Simplifying the PAYE Settlement Agreement (PSA) Process
HM Revenue & Customs (HMRC) have issued a consultation document on ways of improving the current burdensome PSA process. There is no current intention to extend the scope of PSA’s, the most common items included in a PSA are Christmas parties, working lunches, team building exercises and staff incentive awards.
The government accepts that completing a PSA annually introduces delay and uncertainty to the system and that the requirements for the benefit to be minor, irregular, and the deduction of tax and apportionment of the benefit to be impractical are unclear as to interpretation. Usually class 1A National Insurance Contributions (NICs) are payable on benefits. When the benefits are agreed into a PSA class 1B NICs are paid. The timing of the completion of the PSA can cause there to be different treatments of the same benefit for tax and NIC purposes.

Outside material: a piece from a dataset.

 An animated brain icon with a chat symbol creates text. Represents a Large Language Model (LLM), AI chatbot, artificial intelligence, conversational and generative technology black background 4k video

The proposals for dealing with these issues are:-
- Remove the requirement for upfront agreement
Employers would assess whether items are eligible for inclusion in a PSA return
2. Considering a digital solution
The Government will explore whether it would be cost effective to digitalise the PSA return and whether it is feasible to align the PSA calculation and payment dates with the P11D/P11D(B) deadlines i.e. calculations due by 6 July and payments due 19/22 July following the tax year.
3. Handling differences of opinion
Consideration is being given to providing employers with a warning if HMRC disagree with an item included in a PSA in good faith.

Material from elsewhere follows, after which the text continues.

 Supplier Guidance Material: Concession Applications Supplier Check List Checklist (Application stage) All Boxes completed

4. Determining what can be included in a PSA
- “Minor” Criteria
The proposal is to remove ‘minor’ from the PSA criteria
- “Irregular” Criteria
The proposal is that irregular should be defined as:
- be considered on a tax year basis.
- not occur in any pattern.
- excludes items which the employer has a contractual right to.
- “Impractical” Criteria
There are currently situations where the benefit is:-
- Paid in circumstances where deductions of tax by reference to the tax tables is impracticable; or
- Shared between employees so that apportionment of the benefit is impractical.

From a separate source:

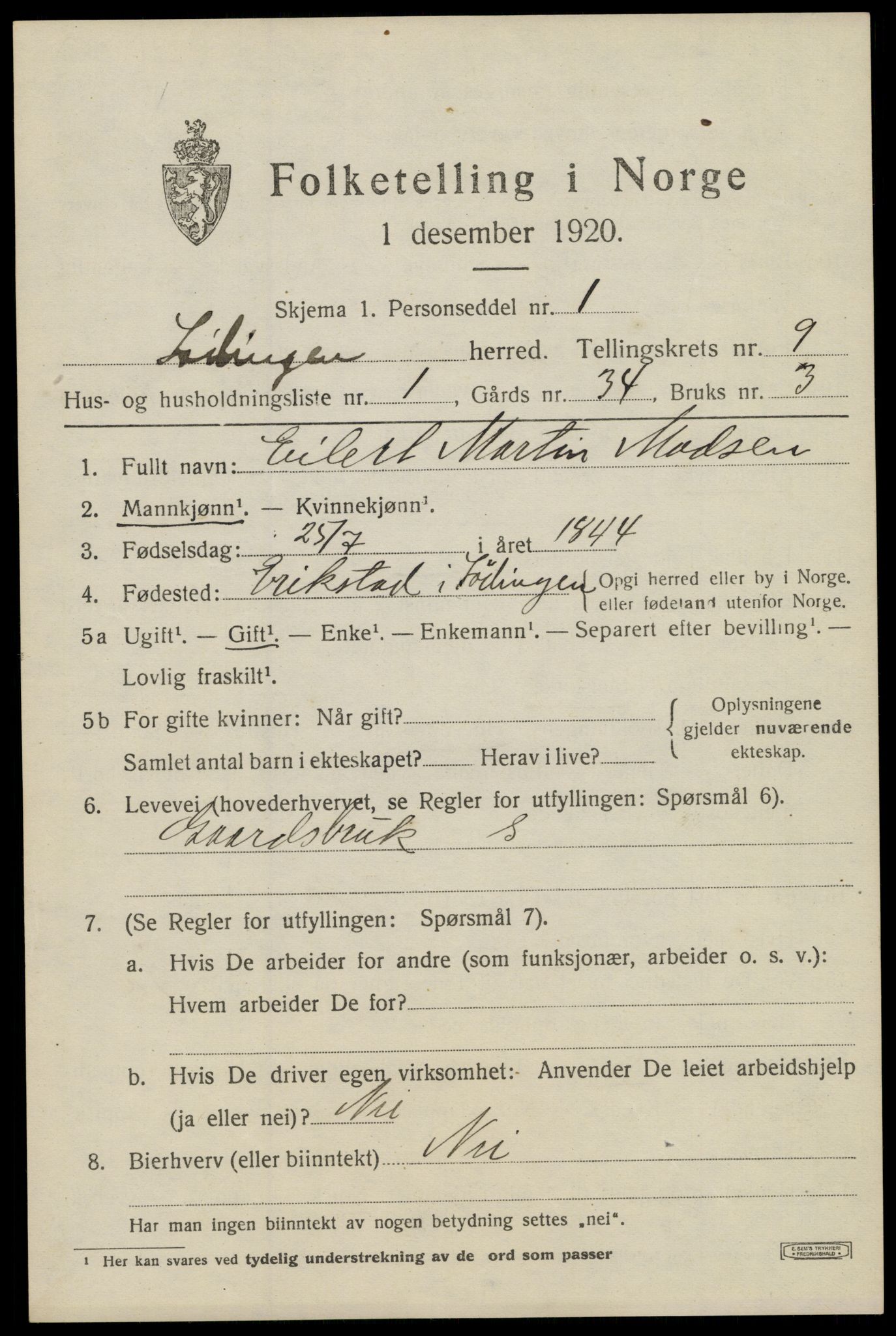 SAT, 1920 census for Lødingen, 1920, p. 5679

A further clarification is to be added
- The provision of a benefit is not to be considered to merit impractical criteria solely because of limitations with an employer’s software or because there is a presentational awkwardness to taxing the benefit via PAYE or requesting a P11D.
The consultation is due to close on 18 October 2016.
Whilst we do not know when the proposed changes are likely to come into effect employers will need to think about how they can adapt to all of the changes the Government are in the process of introducing.